Bob Dylan – Shadows In The Night

Bob Dylan est un génie. Le rappeler provoquera sans doute des haussements d’épaules, des « oui mais » et autres futiles tentatives de noyer le poisson. Le mot « merde » sera forcément employé. Dylan et ses négationnistes: vieille histoire. N’empêche que son 36ème album est une petite merveille, un énième sursaut artistique dans une oeuvre aussi immense que cabossée, un disque vers lequel les gens reviendront. Un de plus. Cinquante ans après Bob Dylan est toujours un génie, un des plus grands du monde contemporain, à peu près à la hauteur de Picasso ou Stravinsky, histoire de situer la chose – peut-être pas aussi génial que Mozart tout de même mais très nettement au-dessus de tous les Thom Yorke, Kanye West et autres idoles du moment. Sans Bob Dylan, le rock serait resté une forme d’art primitive éloignée de toute dimension lyrique. Les Beatles et les Rolling Stones auraient continué à chanter des âneries. Ray Davies n’aurait écrit que des ‘You Really Got Me‘ et des ‘Everybody’s Gonna Be Happy‘ ad vitam eternam, et Jimi Hendrix serait resté un bluesman comme un autre. Sans Bob Dylan, on se ferait bien chier.
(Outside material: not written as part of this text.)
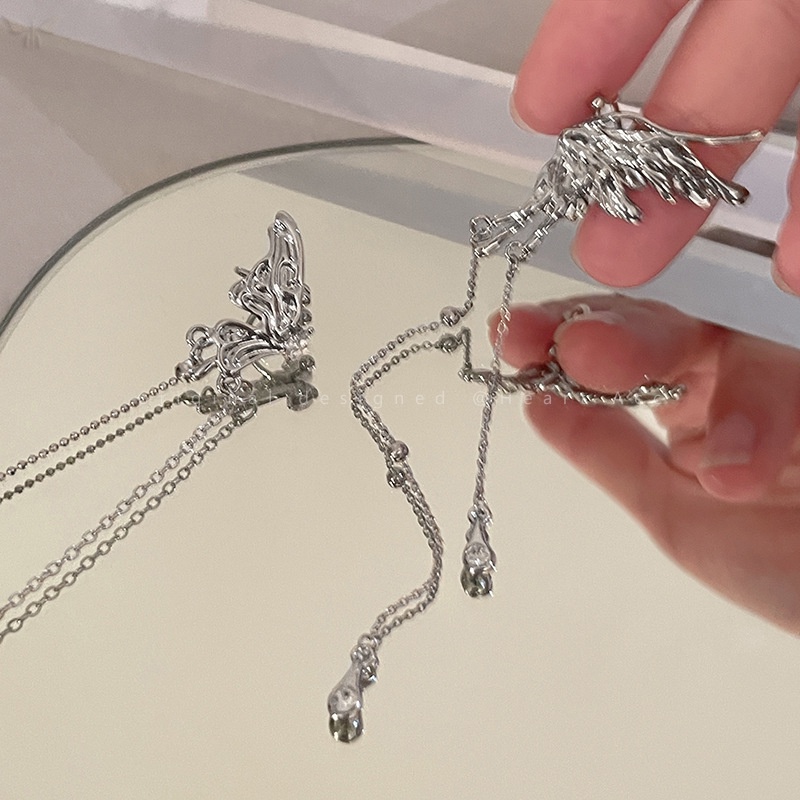 Khuyên Kẹp Vành Tai Dáng Dài Hình Bướm Đính Đá Zircon Thời Trang Cao Cấp Cho Nữ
On peut donc lui pardonner Hugues Aufray, la reprise de ‘Knocking On Heaven’s Door‘ des Guns n’ Roses, Jake Bugg et tout un tas d’autres cochonneries. Une écoute de ‘Shadows In The Night‘, et tout est oublié. On en viendrait presque à se réconcilier avec Frank Sinatra, malgré les gerbants ‘New York New York‘ et ‘My Way‘. Les dix ballades choisies pour cet album sont heureusement d’un tout autre calibre et comme promis les relectures de Bob Dylan tiennent du travail d’orfèvre, extirpant délicatement la sève de ces vieux standards américains, privés pour l’occasion de leur grandeur orchestrale. Plus authentiques et ‘vécus’ que jamais, et méticuleusement restitués live en studio par un groupe qui semble jouer sur la pointe des pieds. Comme toujours dans l’oeuvre dylanienne c’est la chanson et la chanson seule qui compte, dans ce qu’elle a de plus essentiel et touchant, sans autre ambition que de la faire vivre, loin de tout délire narcissique de vieille rock star cramée. Quel serait l’intérêt d’un album de reprises sinon? À 73 ans Dylan aboutit ici un vieux rêve, démontre envers et contre tous qu’il est aussi un interprète, et que sa voix peut encore transmettre toute l’émotion du monde.

The man with the golden voice vs. Dylan: l’initiative était risquée, presque absurde. Il y a toujours quelque chose de comique dans les vieilles manies de l’artiste, son insistance à produire sous l’alias Jack Frost (très belle prod’ au passage), l’orgueil paternel qu’il éprouve pour son groupe, ou encore sa façon d’annoncer le très doux et intimiste ‘Shadows In The Night‘ avec des expressions comme ‘no heavy drums‘ (au cas où vous vous attendiez à du Slipknot). Mais dès le poignant ‘I’m a Fool To Want You‘, tout tombe en place. La voix est chaleureuse, convaincante, typiquement maladroite mais bien moins rauque ou abimée que sur les derniers albums. On ne retrouve pas le pépé Bob avec un coup dans le nez de ‘Christmas In The Heart‘ (un peu quand même sur ‘Where Are You?‘) mais une version plus élégante et propre sur elle du personnage, très digne dans sa solitude, d’une justesse de ton remarquable et chantant chaque mot comme s’il s’agissait du dernier. Voilà certainement l’un des tout meilleurs disques de sa phase troisième âge, composé de reprises de grandes chansons certes mais des grandes chansons, Bob Dylan en a écrit plus que quiconque. Un génie, quoi.